The planned merger of Deutsche Börse and NYSE Euronext, which would create the largest exchanges company in the world, has moved a step closer after a key US regulatory body approved the $9.4bn merger without objection.

Clearance by the Committee on Foreign Investment in the US, a government panel that vets foreign takeovers of US assets, means the deal faces only one more serious hurdle – clearance from European competition authorities.

A green light from CFIUS is a notable exception for an industry that has seen nationalist sensibilities scupper other exchanges mergers around the world in recent months. A joint Nasdaq OMX- IntercontinentalExchange bid for NYSE Euronext, the London Stock Exchange’s bid for Canada’s TMX Group and SGX Group of Singapore’s bid for the Australian Stock Exchange have all failed in recent months amid vocal opposition that has viewed national exchanges as important strategic assets. CFIUS is chaired by the US Treasury and includes representatives from the justice, commerce, state, defence and homeland security departments.

The Deutsche Börse -NYSE Euronext deal has elicited muted opposition in the US. Senator Chuck Schumer of New York, an influential Democrat, has backed the deal, saying it could protect jobs and strengthen New York’s position in the derivatives markets.

However, the deal faces an in-depth probe from regulators in Brussels, who are focusing their investigation on its potential to shift market power in derivatives trading and clearing, rather than defining and protecting so-called “strategic assets”. It comes amid fierce debate in Europe over forthcoming financial markets regulation that will reshape the rules governing trading and clearing in the derivatives market

Derivatives generate substantially more profits for exchanges than share trading.

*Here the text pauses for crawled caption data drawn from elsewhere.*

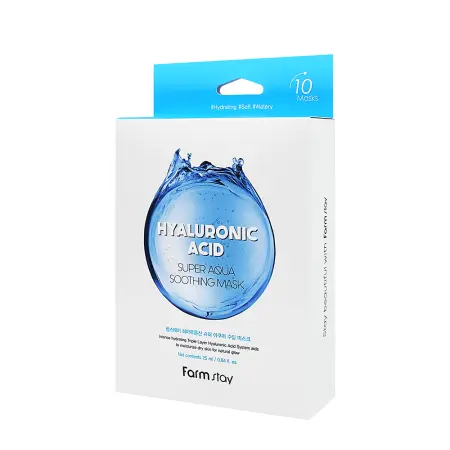 FARMSTAY Маска тканевая для лица с гиалуроновой кислотой / Hyaluronic Acid Super Aqua Soothing Mask 10*25 мл - 1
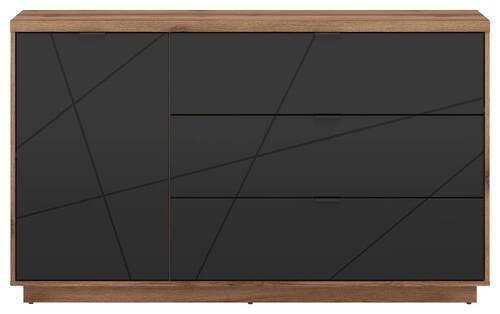 KOMODA   156/93/42,5 cm   crna, boje hrasta  - boje hrasta/crna, Design, drvni materijal/metal (156/93/42,5cm)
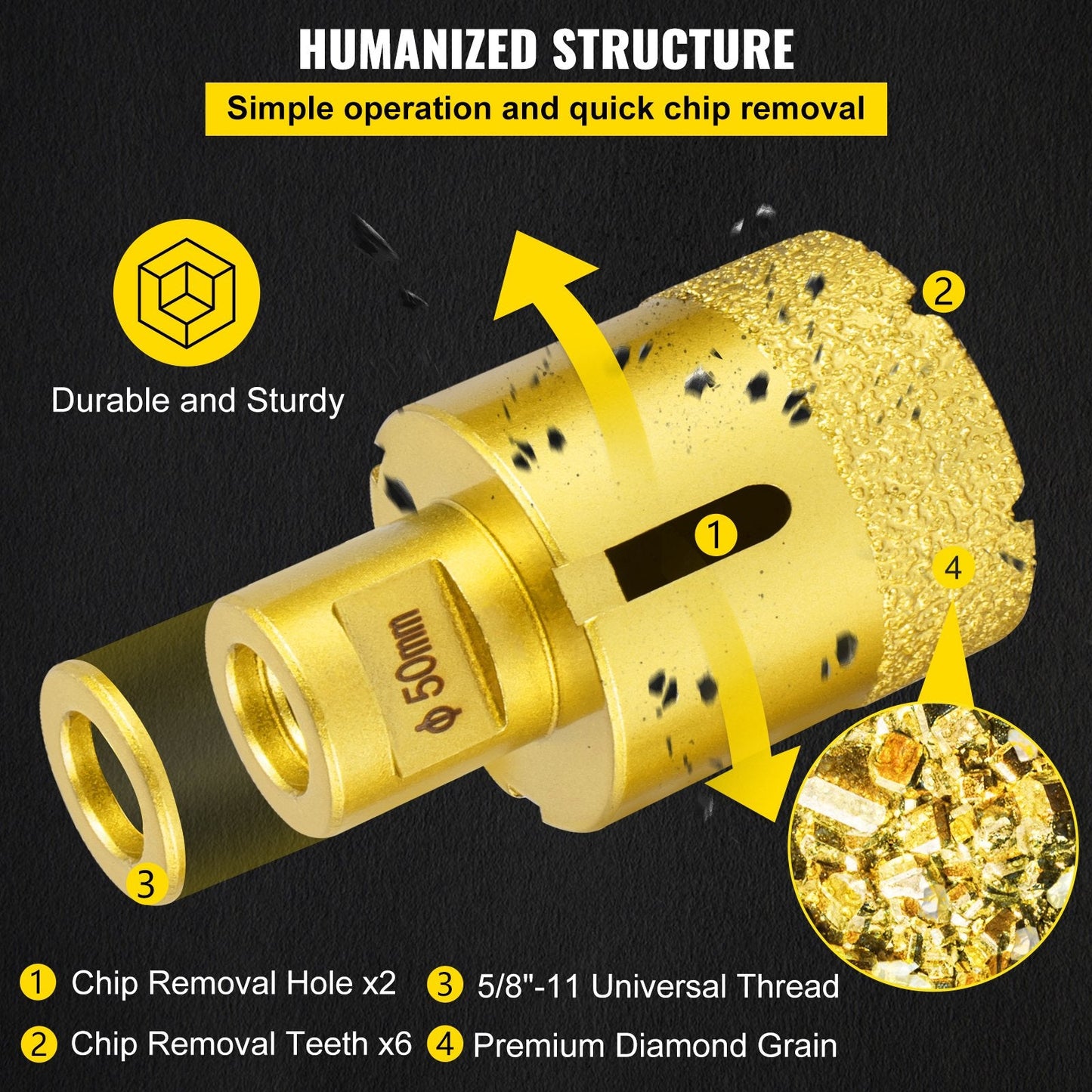 Diamond Hole Saw Kit - 4PCS, 0.025/0.035/0.05/0.068m for Tile & Stone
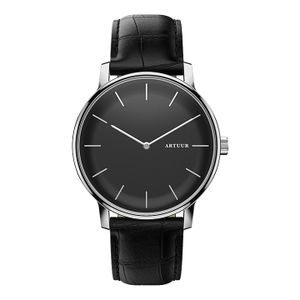 ARTUUR Sterling - Polshorloge - Zwart Croco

Banks, inter-dealer brokers and exchanges such as the London Stock Exchange have expressed concern that the combination of Eurex and Liffe, the derivatives trading platforms of Deutsche Börse and NYSE Euronext respectively, would create an overwhelmingly dominant player in Europe.

Rival derivatives platforms have worried that they could be blocked from accessing the merged company’s enlarged post-trading facilities, which, rivals say, could prevent them from entering certain derivatives markets.

Deutsche Börse has argued that it faces competition from the off-exchange or over-the-counter markets, where banks – the exchanges’ biggest customers – are active.

“We are continuing to work with regulatory authorities to achieve the remaining approvals and deliver this compelling combination to shareholders, clients and partners,” said Duncan Niederauer, chief executive of NYSE Euronext.

A decision is expected by the European Commission by December 13. Shareholders in NYSE Euronext and Deutsche Börse both backed the deal last month.

Deutsche Börse shares closed down €1.20 at €38.73 while NYSE Euronext shares traded flat at $25.50 in morning trading.